As one of just a few Europeans to experience the NASA VIEW VR system, on his return to the UK Prof Stone helped to set up the first industrial VR team at the UK’s National Advanced Robotics Centre (NARC)
“Working at BAe there really wasn’t that much interest in applying VR, with the notable exception of work they were conducting into advanced cockpits. The move to the National Advanced Robotics Centre in the early 1990s proved both professionally and personally rewarding.”
Established 25 years ago the centre attracted funding but what really helped, according to Prof Stone, was a feature on the BBC that looked at the work of the centre.
“That programme demonstrated the possibilities of VR and attracted considerable interest from companies, it was to prove massively influential. Rolls Royce, Vickers, the NHS and Sainsbury all wanted to find out more about the potential of virtual reality.
“As a result, we started to receive funding from industry to support complex demonstrations of the technology in what was then, the world’s first industrial collaborative project addressing the commercial applications of VR.”
While working for the centre the team was approached by the Russian cosmonaut space programme to help develop VR for use with their space programme.
“It was before ITAR and the restrictions that we now see when it comes to trading in technology,” Prof Stone, explains. “We created the first desktop virtual model of the MIR space station and introduced VR into their programme.”
In May 1996, Prof Stone was elected to become an Academician of the Russian International Higher Education Academy of Sciences in Moscow and in 2000, was accredited by General Klimuk, Director of Russia’s Gagarin Cosmonaut Training Centre as being responsible for “introducing VR into the cosmonaut space programme”.
Towards the end of the 1990s funding problems saw the robotics centre spun out as a small business and despite being involved in numerous projects that used VR for helicopter and gunnery training Prof Stone made the move into academia.
“It was the right time for me. I’d been working in the commercial space for over 20 years, but it was certainly a ‘culture shock’.”
Since his appointment Prof Stone has taken what he would describe as a very pragmatic approach to human factors research and regularly spends time conducting observational studies in the field with subject matter experts to ensure the relevancy and impact of any research he and his students undertake.
“I learned the value of this approach when I studied for my MSc. I’d been captivated by science fiction as a boy, it piqued my interest. I was lucky as the course I took was really hands on. That meant visiting naval vessels, working on tube trains; it appealed to those boyish interests.
“What we do here at Birmingham is very interactive; my work involves understanding the real world and developing VR/MR environments that match that. I need my students to engage with people in the real world and I have always used that approach when it comes to teaching.
“We have a good mix of students here at Birmingham, although we do need to attract more women students. There are certainly not as many as I would like, but the balance is improving.”
Prof Stone is also adamant that there has to be a commercial outlet for the research that is undertaken.
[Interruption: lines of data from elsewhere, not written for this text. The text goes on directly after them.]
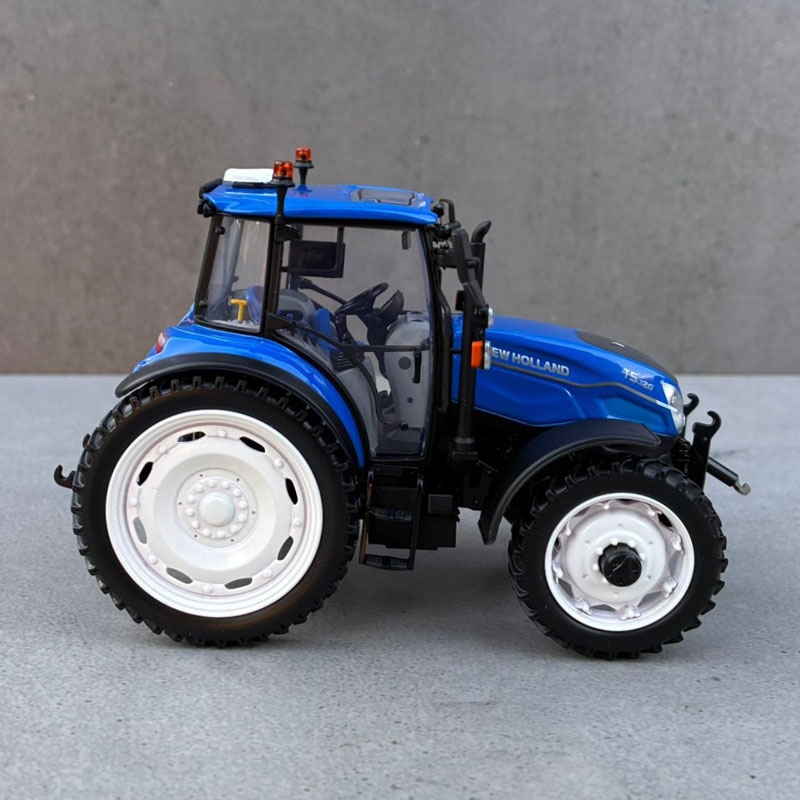 UH - New Holland T5.120 Dual Command (2025 - ....) op Cultuurwielen
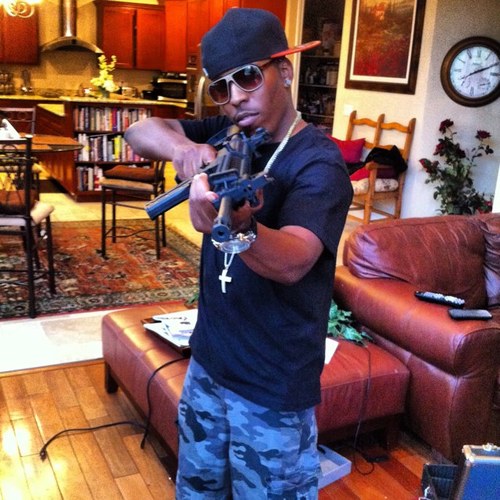 Anuewy_Nurweezy Da name! We Da Money Team
#Team IPhone #Fuck Yu Haters But I Luv Yu Haters
#Dont Be Madd If Yo Bitch Like Me Dat Bitch Aint Even cute lol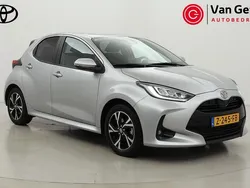 Grijs Gebruikt 2024 Toyota Yaris Hybrid Edition Hatchback | € 24.999 (Eerlijke prijs)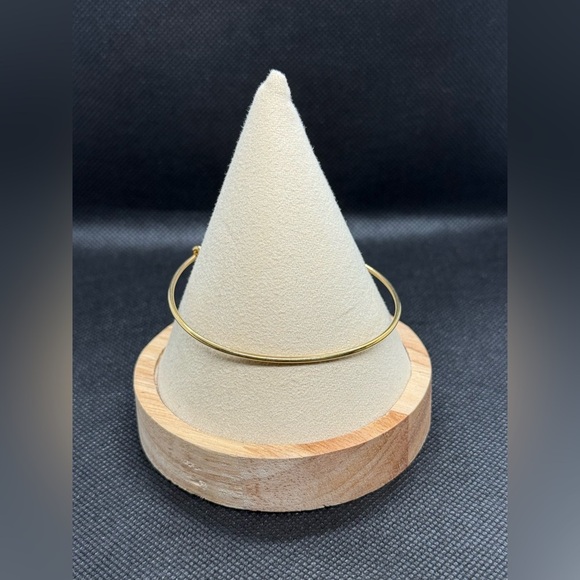 🪷ALEX AND ANI🪷Lotus Peace Petals Charm Bangle in Shiny Gold/EUC - Picture 4 of 8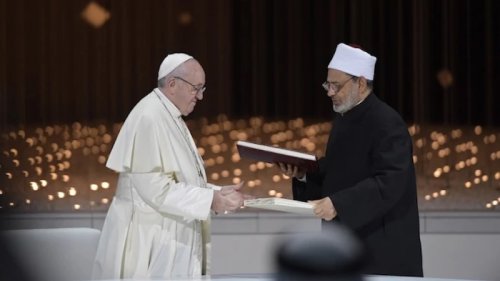 Grand Imam Of Al Azhar Mosque Inspired Pope Francis To Strive For Brotherhood – OpEd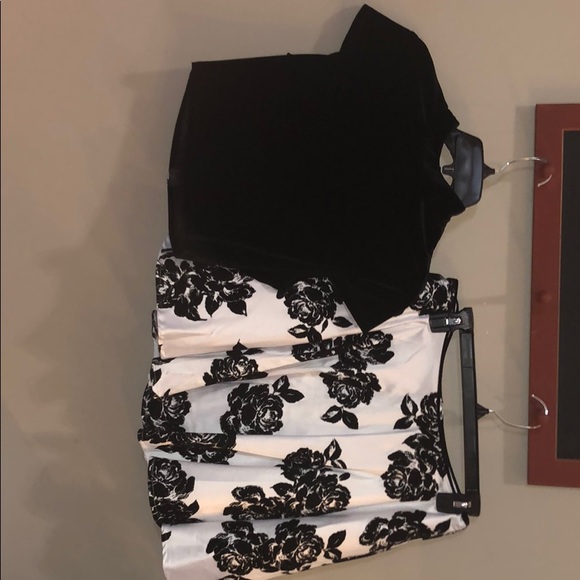 Formal Dress - Picture 3 of 3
“There has to be potential stakeholders who are interested in the work, too many projects end up with no application and are just left on the shelf,” he argues.
This practical approach to research and teaching means that students get to apply their technology in the real world, whether that’s with Royal Navy vessels conducting close-range weapons and missile trials, oil and gas support platforms in the North Sea or remotely operating vehicles for trials in the waters around Scotland.
“Teaching needs to be practical and we need students who are able to apply their studies in the real world. There is certainly a lack of consistency across the university sector and we need to retain and extend dedicated VR courses,” Prof Stone believes.
“But beyond that we need more practical examples of where VR can work. It’s crucial that we develop credible, believable metrics and quality case studies. Only then will we convince investors, who were badly burned in the 1990s, when the equipment and the experience of VR failed to live up to expectations.
“The VR environment remains one in which hype and false promises are still prevalent,” he concludes.
|Professor Bob Stone|
Professor Robert Stone holds a Chair in Interactive Multimedia Systems within the College of Engineering and Physical Sciences at the University of Birmingham, where he is also director of the Human Interface Technologies Team. He currently holds the position of Visiting Professor in Simulation Psychology within the University of Plymouth.
Prof Stone has worked in the field of virtual and mixed reality for more than 30 years and was instrumental in establishing the first industrial VR team at the UK's National Advanced Robotics Centre, where he brought together (initially) 12 companies to fund the world's first industrial collaborative project addressing the commercial applications of VR.